L’astérisque de Wimbledon

Les amateurs de tennis savent qu’en été, le plaisir continue. Depuis fin juin et début juillet se tient le championnat de Wimbledon, le plus ancien Grand Chelem et le troisième des quatre qui existent sur le circuit mondial. C’est aussi le seul qui se joue sur l’herbe comme surface et qui a un code vestimentaire exclusif et strict qui remonte au 19ème siècle.

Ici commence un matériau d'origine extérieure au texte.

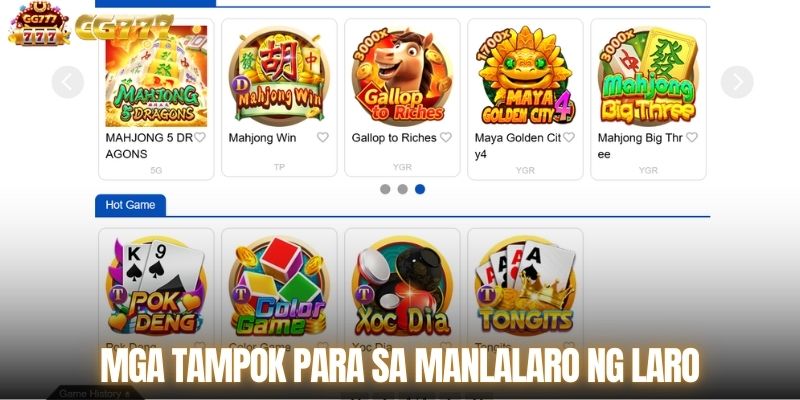 Mga Tampok para sa Manlalaro ng Laro ng Baraha na GG777
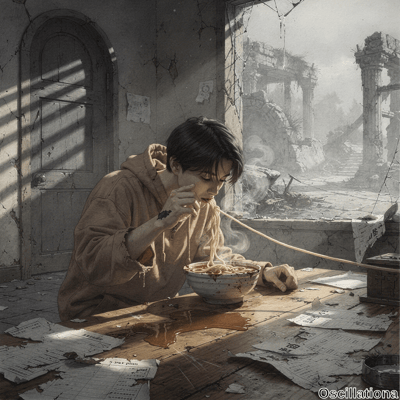 In a dimly lit post-apocalyptic room with cracked gray walls and debris floor, a young Ea…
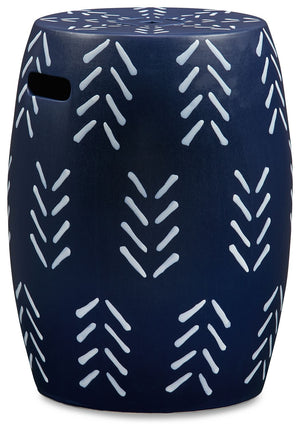 Freshen up your decor with the striking design of this stool. A navy and white pattern plays up the pieceâ€™s visual appeal, while hand holds on the sides and a drain opening on top provide modern functionality. Suiting both indoor and outdoor spaces, thi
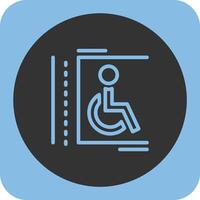 Handicap parking Linear Round Icon vector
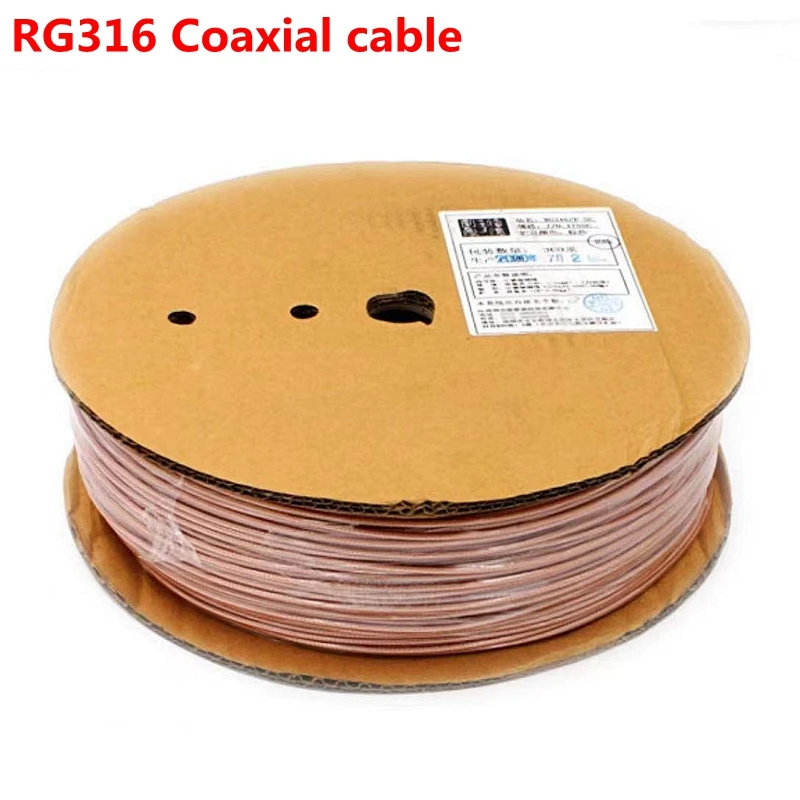 

RG316 RG-316 Coaxial Cable Pigtail Wire Shield Silver Platied Antenna 50Ohm Low Loss for Crimp Connector Fast Delivery Copper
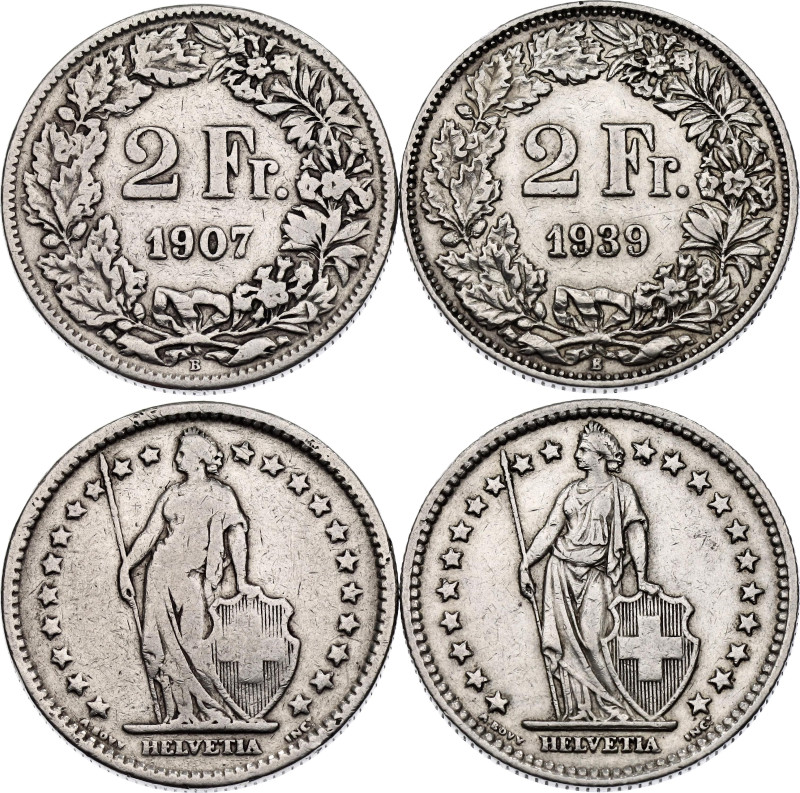 Switzerland 2 x 2 Francs 1907 - 1939 B

KM# 21, HMZ 2# 1202, N# 188; Silver., ...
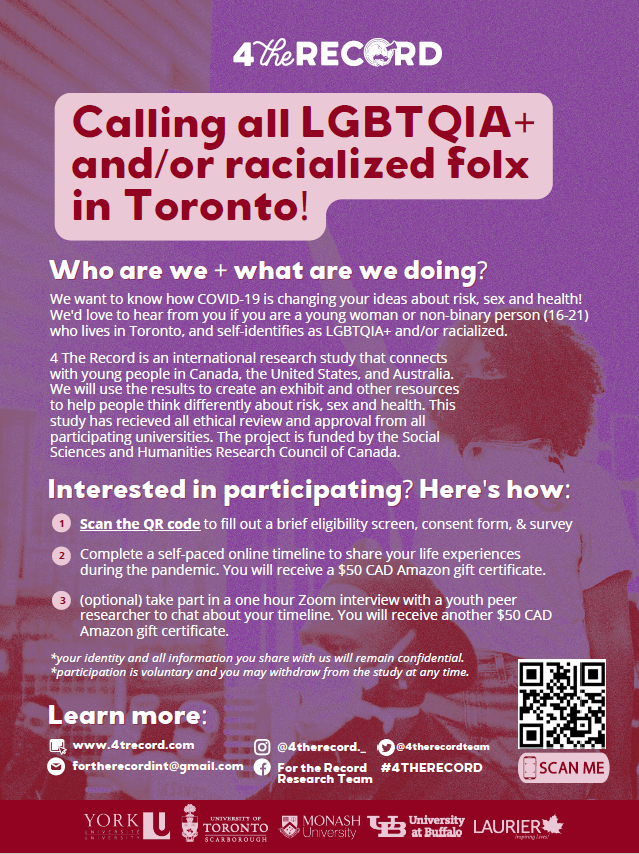 📣@4TheRecordTeam is facilitating a study on how COVID-19 is changing ideas of risk, sex, and health for women and gender diverse individuals in the City. 👉🏾Consider participating and completing the survey.
#youth #recruitment
redcap.utoronto.ca/surveys/?s=XPD…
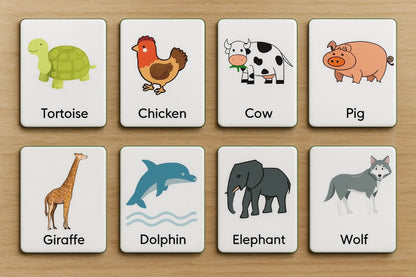Animal Vocabulary Flash Cards Magnets_
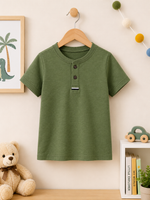 Olive green Color Button up henley kids Summer Shirt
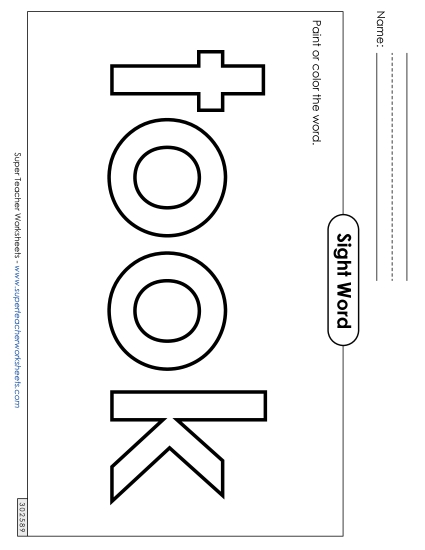 Paint or Color: Took (Printable PDF Worksheet)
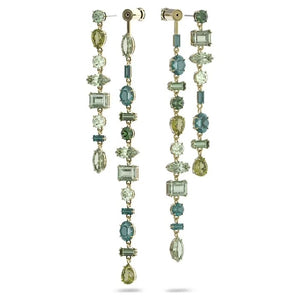 Gema drop earrings Asymmetrical, Long, Green, Gold-tone plated
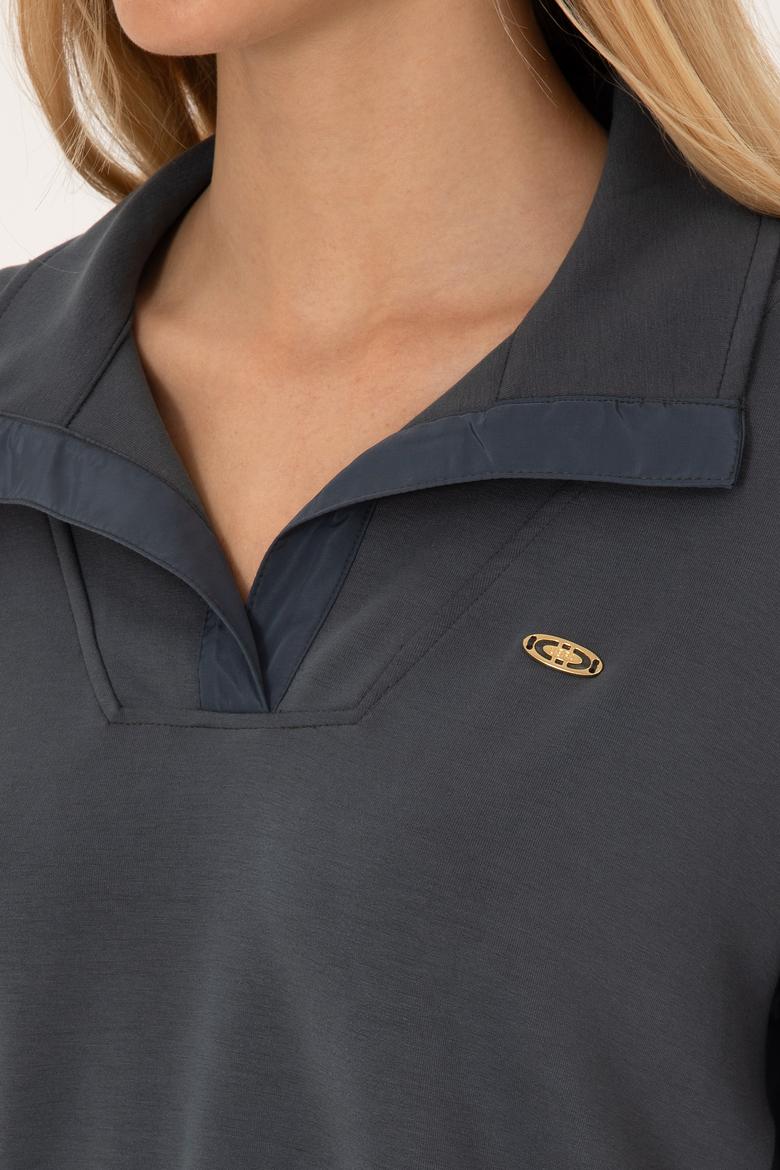 Kadın Antrasit Dik Yaka Sweatshirt - 50309429011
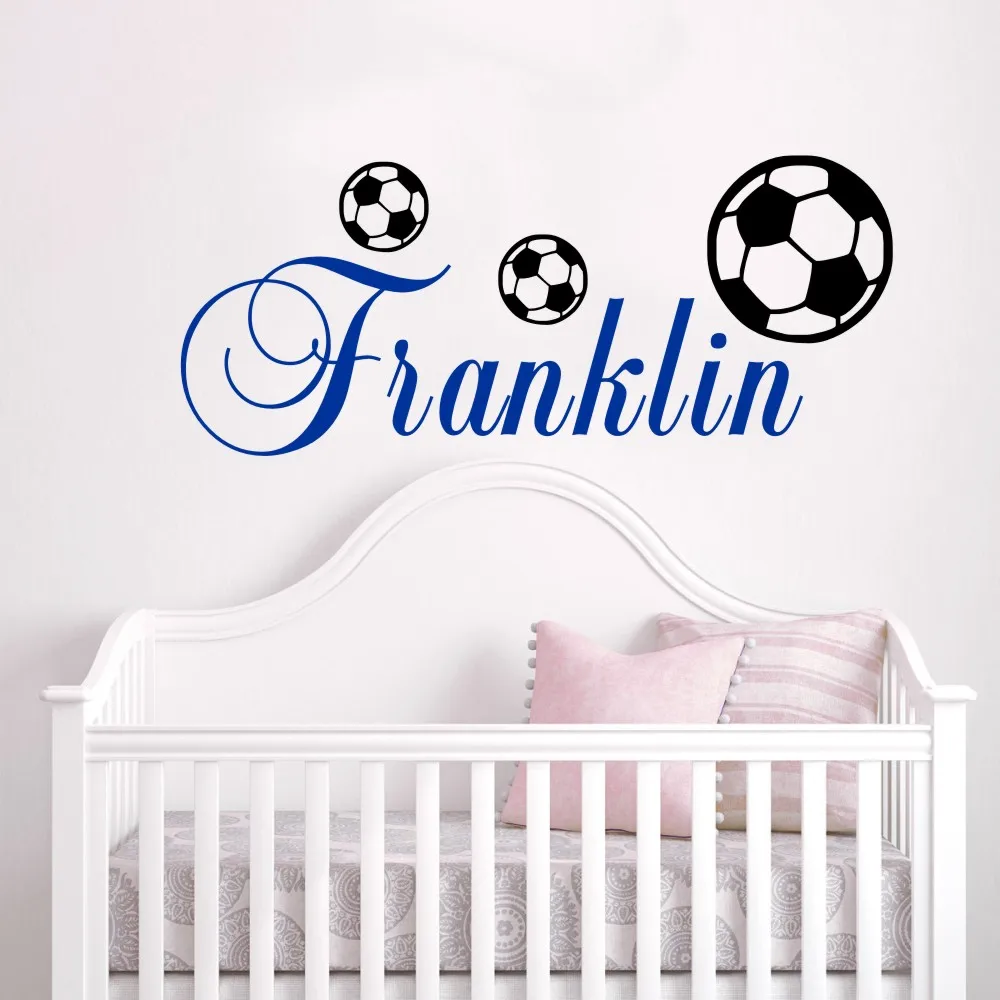 

Vinyl Art Home Decoration Customized Name Footballer Wall Stickers for Kids Room Soccer Ball Boys Room Poster Mural Decor W69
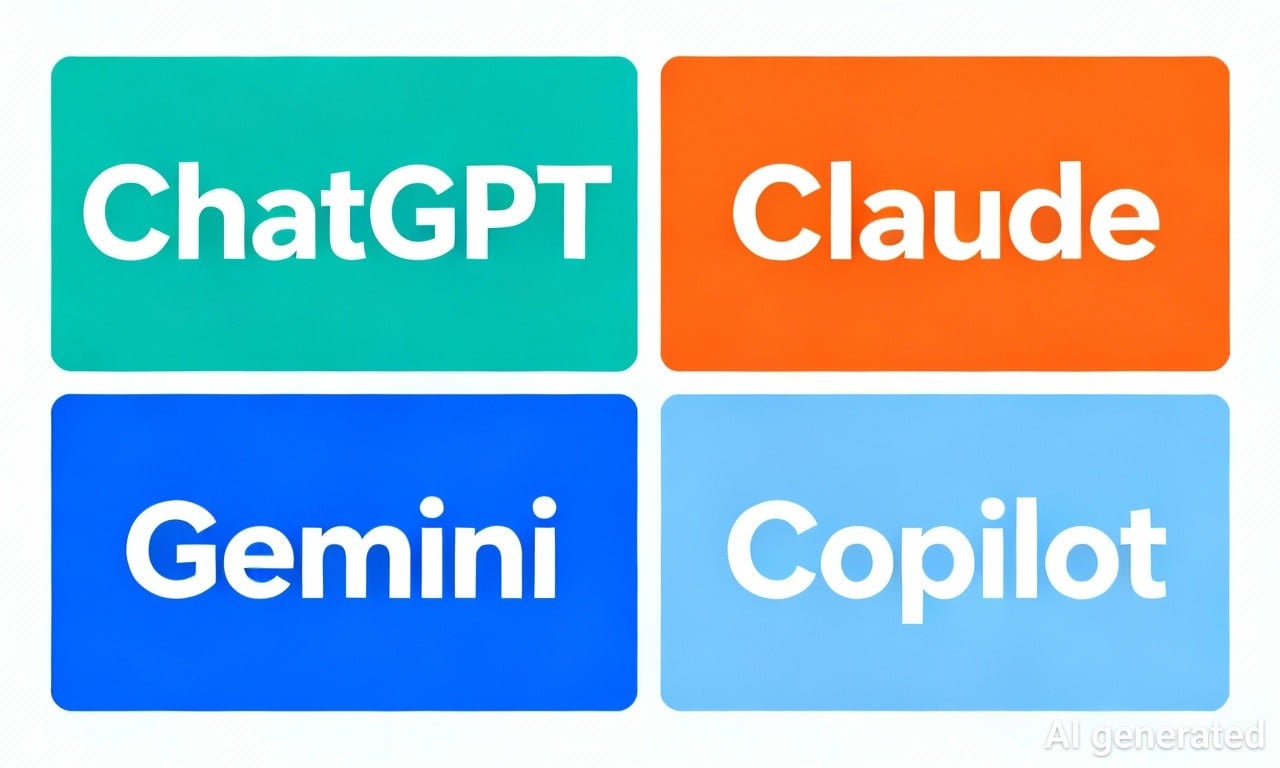 4つの主要LLM（ChatGPT、Claude、Gemini、Copilot）のサービス名とロゴを含む比較インフォグラフィック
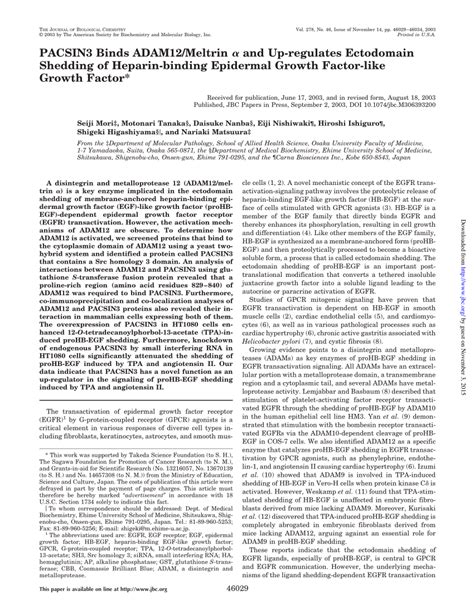 PDF PACSIN3 Binds ADAM12 Meltrin α and Up regulates Ectodomain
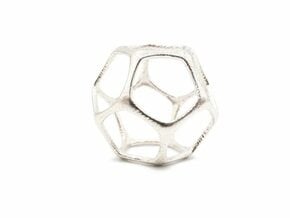 Dodecahedron Pendant - Yin - Platonic Solids in Natural Silver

Le prestige de ce tournoi est aussi incontestable que la sévérité avec laquelle il audite l’image des joueurs de tennis participants. Hommes et femmes doivent porter du blanc. De haut en bas. Sans exception. André Agassi Il a tenté en vain à la fin des années 1980 d’assouplir les règles pour introduire un peu de couleur, mais son boycott a échoué. La même chose est arrivée à Roger Federer, qui a été contraint de changer ses chaussures orange pour être trop flashy et aller à l’encontre des directives de l’organisation. D’autres joueurs ont essayé de porter des sous-vêtements non blancs, mais ont quand même dû se rendre au vestiaire pour les retirer.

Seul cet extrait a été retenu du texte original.